OCR Parameters

The "OCR" web service can be used to run character recognition in PDF documents or images.

 

If recognition is run on images, they will be converted to PDF documents. More specifically, a page will be generated for each image in the PDF document, with this page containing the original image and a text layer with the recognized text.

 

Character recognition on PDF documents will only work with documents that do not contain text already. Normally, these will be documents that were generated by scanners and that only have an image per page in the PDF document.

 

<?xml version="1.0" encoding="UTF-8" standalone="yes"?>
<operation xmlns="http://schema.webpdf.de/1.0/operation">
<ocr language="deu"
      checkResolution="false"
      forceEachPage="true"
      imageDpi="200"

      jpegQuality="60"
      outputFormat="pdf"

      normalizePageRotation="true"

      failOnWarning="true">
  <page width="210"
        height="297"
        metrics="mm"/>

   <pdfa>
     ...
  </pdfa>
</ocr>
</operation>

 

{
"ocr": {
  "language": "deu",
  "checkResolution": false,
  "forceEachPage": true,
  "imageDpi": 200,

  "jpegQuality": 60,
  "outputFormat": "pdf",

  "normalizePageRotation": true,

   "failOnWarning": true,
  "page": {
    "width": 210,
    "height": 297,
    "metrics": "mm"
   },
  "pdfa": {
     ...
   }
 }
}

 

ocr element

 

Used to define the text recognition parameters for images or PDF documents.

 

<ocr language="deu"
    checkResolution="false"
    forceEachPage="true"
    imageDpi="200"

    jpegQuality="60"
    outputFormat="pdf"

    normalizePageRotation="true"

    failOnWarning="true">

 

"ocr": {
  "language": "deu",
  "checkResolution": false,
  "forceEachPage": true,
  "imageDpi": 200,

  "jpegQuality": 60,
  "outputFormat": "pdf",

  "normalizePageRotation": true,

   "failOnWarning": true,

   ...

}

 

language (Default: "eng")

Used to specify the language for the output document (PDF/image). The language must be defined for the character recognition operation (OCR) so that the “special characters" of the respective language (e.g. "üäö" in German) can be recognized better.

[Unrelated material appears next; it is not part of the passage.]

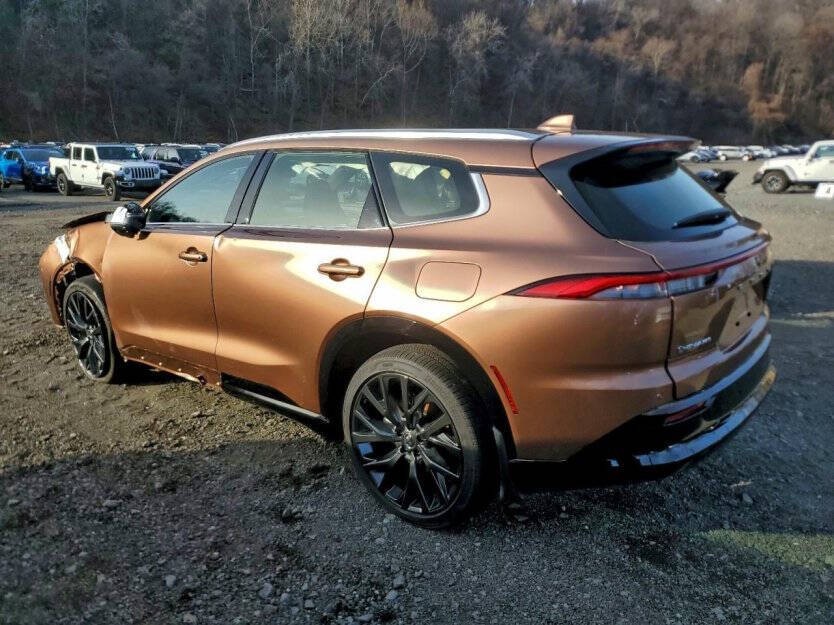 2025 Toyota Crown Signia Image 4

At present, the following languages are supported:

eng = English

fra = French

spa = Spanish

deu = German

ita = Italian

 

checkResolution (default: true)

If "true," then the DPI resolution of the output file will be checked. Resolutions of less than 200 DPI are rejected in this check because as a rule, they do not produce good results for character recognition.

 

forceEachPage (default: false)

If a PDF document contains text content on any page, the web service will refuse to run character recognition again. If, however, a value of "true" is passed for this option, all the pages in the document will be considered individually and character recognition will be run on all pages that do not contain text (layers) so that a new layer with text will be generated for them.

 

imageDpi (default: 200)

Used to set the minimum resolution images will be embedded with in resulting PDF documents. When a value of 0 is set for this parameter, the images shall be embedded using resolutions and dimensions as close as possible to the original source images.

 

jpegQuality (default: 75)

A percentage that sets the compression ratio and influences the quality of JPEG images, that shall be embedded in resulting PDF documents. Higher values will result in less compressed images of higher quality.

 

outputFormat (default: "pdf")

Different output formats can be created during character recognition. Generally, the document is generated as a PDF document, but the output can also be as an ASCII document or an XML document if desired (HOCR).

text = Text

hocr = XML (hOCR)

pdf = PDF

 

normalizePageRotation (Default: false)

If "true", then, for the recognition of a rotated text, the system will attempt to rotate the page in such a way that the text in the document will not appear to be rotated and will be shown “upright.”

 

failOnWarning (Default: false)

If "true”, character recognition will fail even in the event of warnings that do not prevent recognition, but that make it very unlikely for a meaningful result to be generated.

 

page element

 

If images are converted to PDF documents during the character recognition process, the size of the page will be computed based on the size of the image and the DPI resolution. This element can be used to specify a custom page size instead.

 

<page width="210"
    height="297"
    metrics="mm"/>
 

"page": {
"width": 210,
"height": 297,
"metrics": "mm"
}

 

width (default: 210)

height (default: 297)

Height and width of the page in the PDF document.

 

metrics (default: "mm")

Unit for the page size arguments.

mm = Millimetres

 

 

pdfa element

 

You can use the parameter structure described for the PDF/A service and insert it into the element.

 

<pdfa>
     ...
</pdfa>

"pdfa":{
     ...
},

 

hint

If this element is set, the "Pdfa" web service will be called automatically after the conversion.